眩い光のラインにルルリリはすぐに矢の存在に気付いて、八本脚を動かし大きく跳び上がる。
『ギャハハハッ!! 無駄無駄、そんなんじゃ全っ然物足りないよォッ!!』
空中からの、弾幕の一斉掃射。
どうやらルルリリは、光の矢を撃ち落とすつもりのようだった。
確かに、矢の動きは自由自在なれど、物理的に防がれてはルルリリの頭部に到達することも出来ない。
マリモは宵闇の中を猛然とはしる光の矢を、撃ち落とされないよう必死になってコントロールする。
「うっ――」
が、そんなマリモの目の前に、地面を這ってきた蜘蛛型ゴーレムが姿を現した。
一瞬、光の矢の方向がブレるが、
「集中して、マリモッ!!」
カエデの『焔殺剣』が、迫り来る蜘蛛型ゴーレムを払い除ける。
今までだったら考えられなかった、カエデとの共闘。
だがマリモはその感慨に浸るよりも――光の矢をルルリリの頭部にぶち当てることに、今は必死になっていた。
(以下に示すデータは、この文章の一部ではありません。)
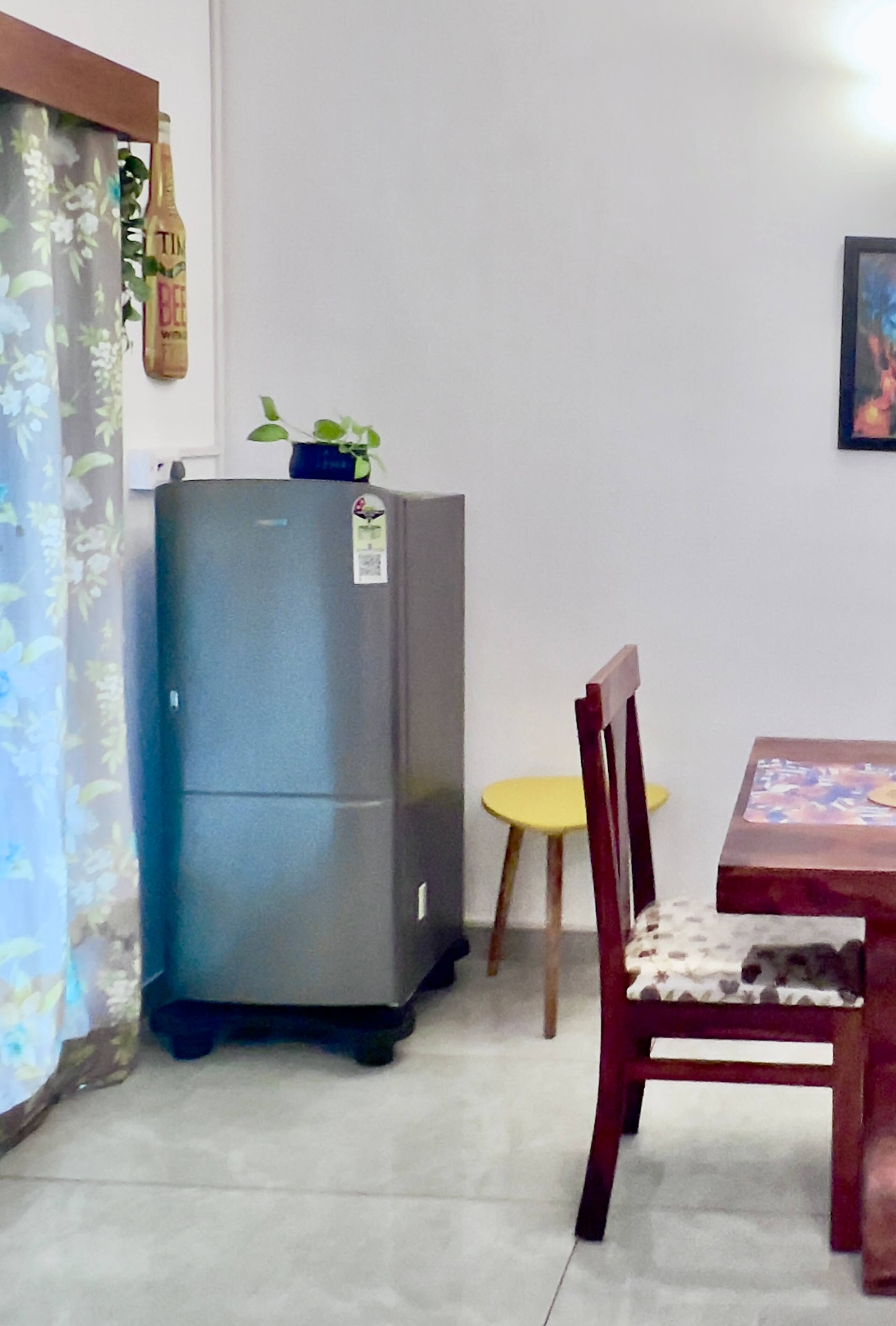 The Cider Goa B |1BHK FullyAC Sleeps 4| Beach3min 19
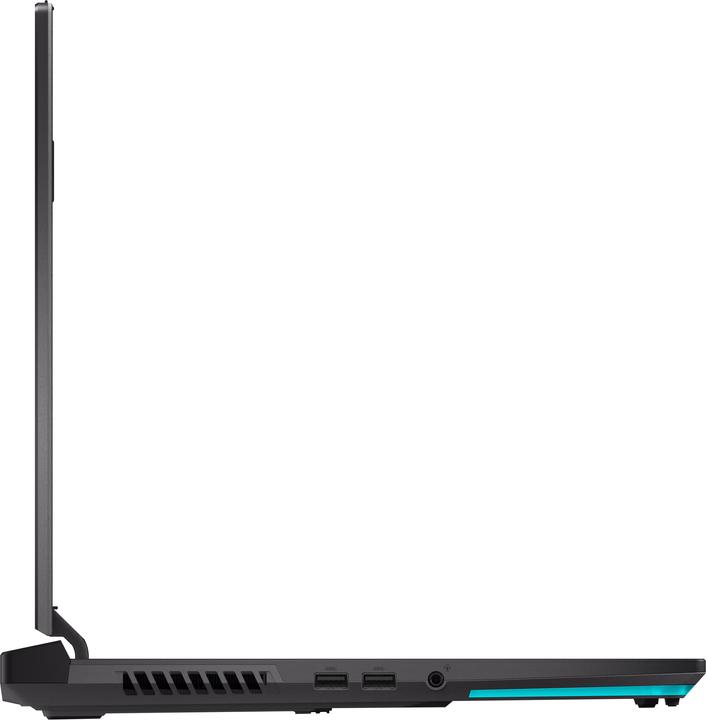 Actual product image ASUS ROG Strix G17 (17.30", AMD Ryzen 9 5900HX, 16 GB, 1000 GB, CH)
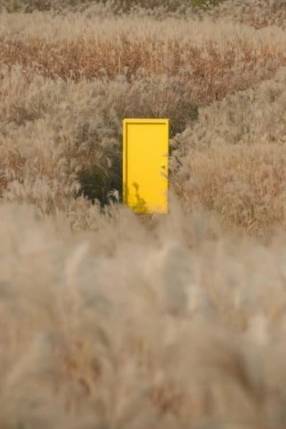 Poster: Yellow Door: '90s Lo-fi Film Club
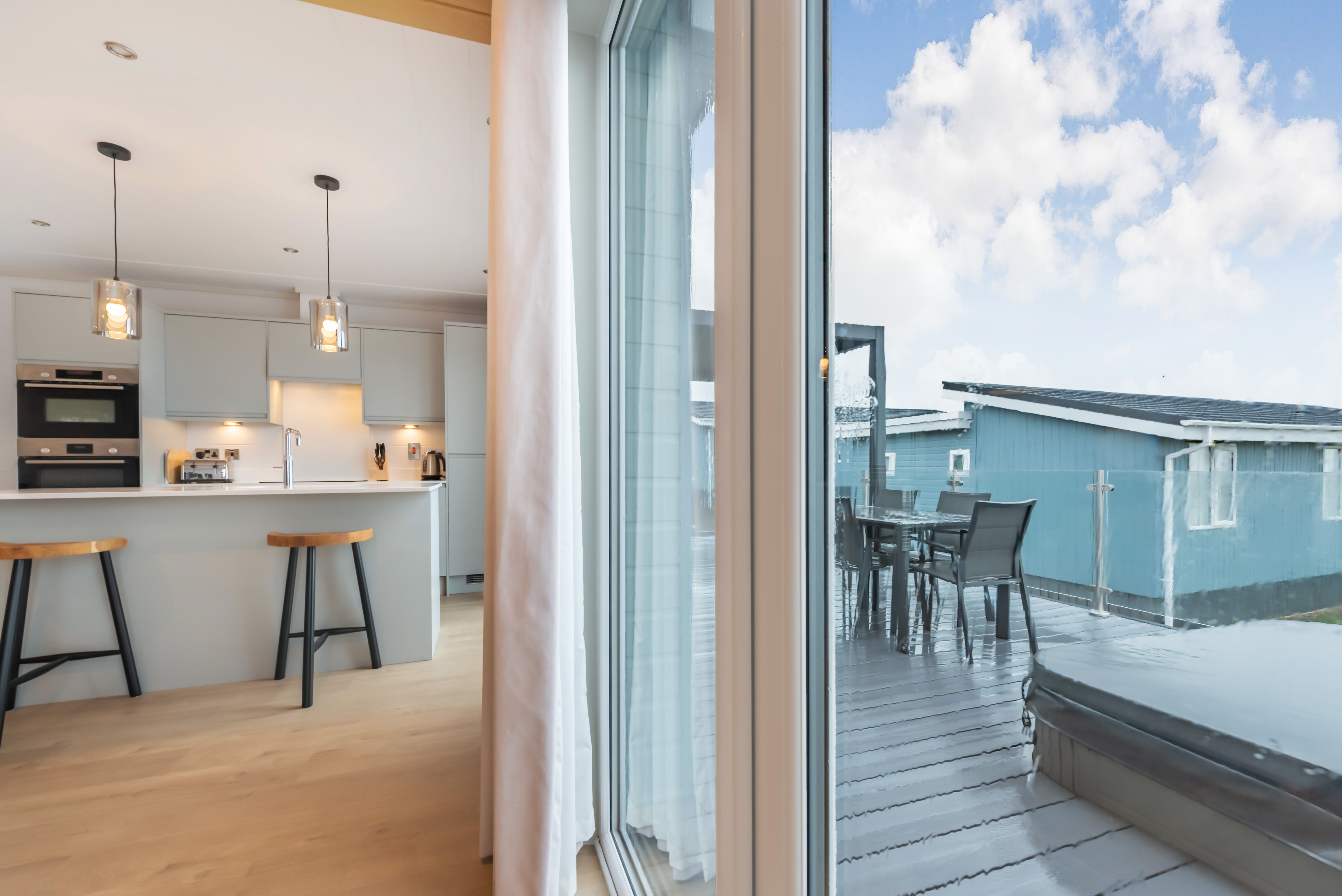 6-persoons bungalow - Epic Spa (Pet) — foto 6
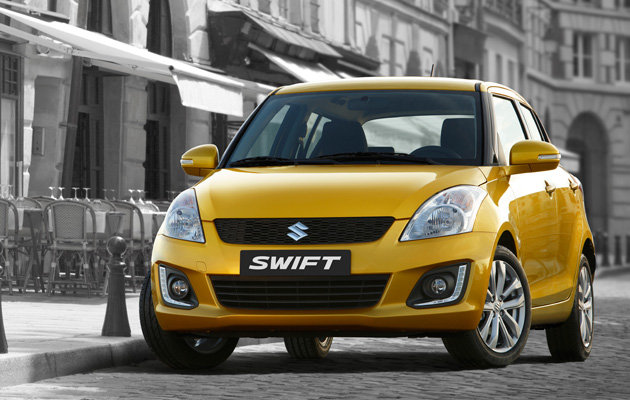 New 2014 Suzuki Swift | New Suzuki Swift 2014 | 2014 Suzuki Swift car | Photo of 0
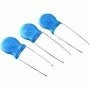 Hoogspanningsschijfcondensator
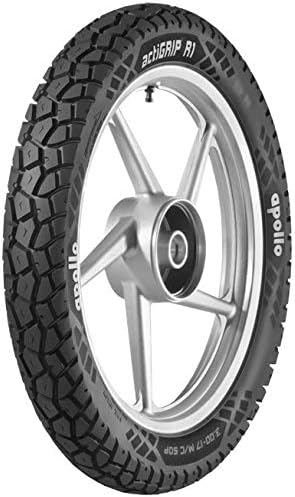 tyres Apollo Actigrip R1 80/100% -18 54P Tubeless Rear Tyre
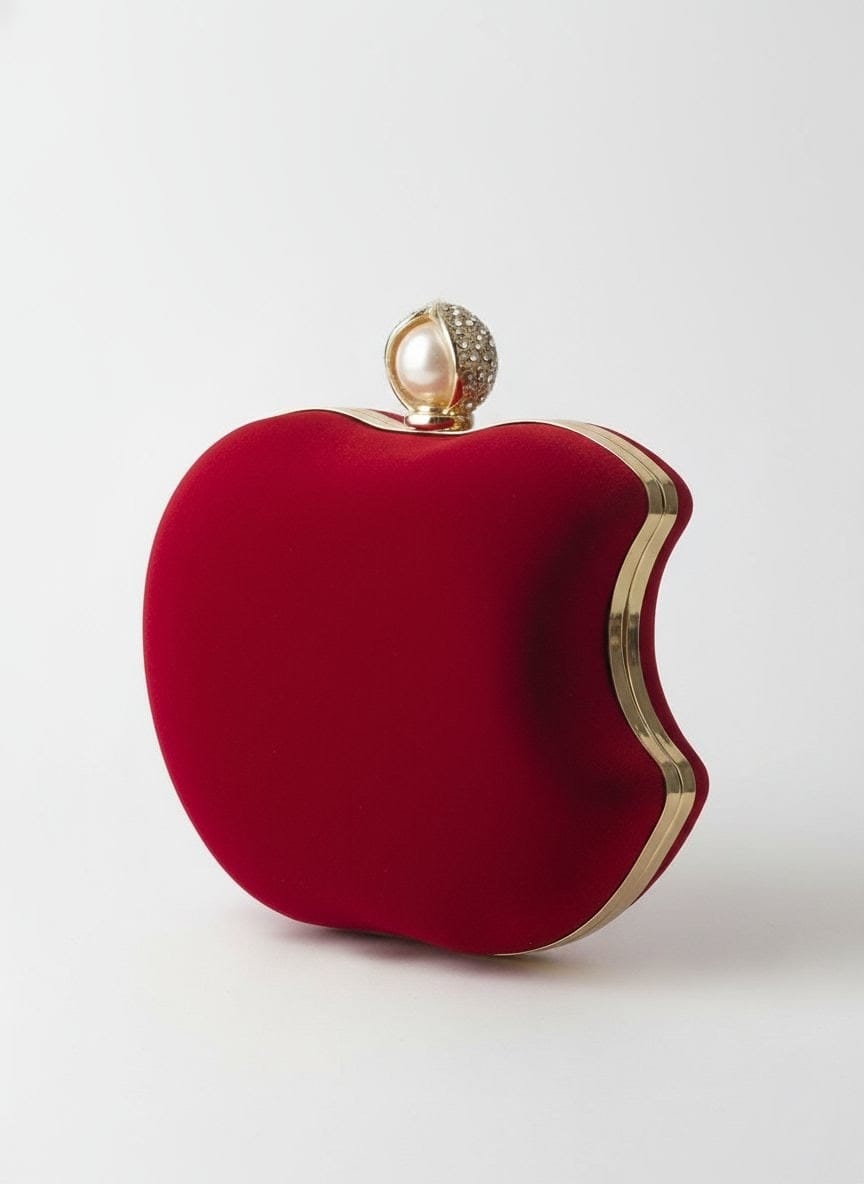 APPLE Bite Clutch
「いっけェェェェェェェェェェェェェェェェェェェェェェェェェッ!!」
ルルリリの眼前に迫った光の矢。
ついにその一撃が、標的を射抜いたかのように見えたが――
ガション、とルルリリの頭部の真下が開いて、大きな顎が光の矢を噛み砕いた。
「…………えっ」
お返しとばかりに、ルルリリの全砲門がマリモとカエデに向けられる。
眩い光に襲われるのは、今度は二人の方だった。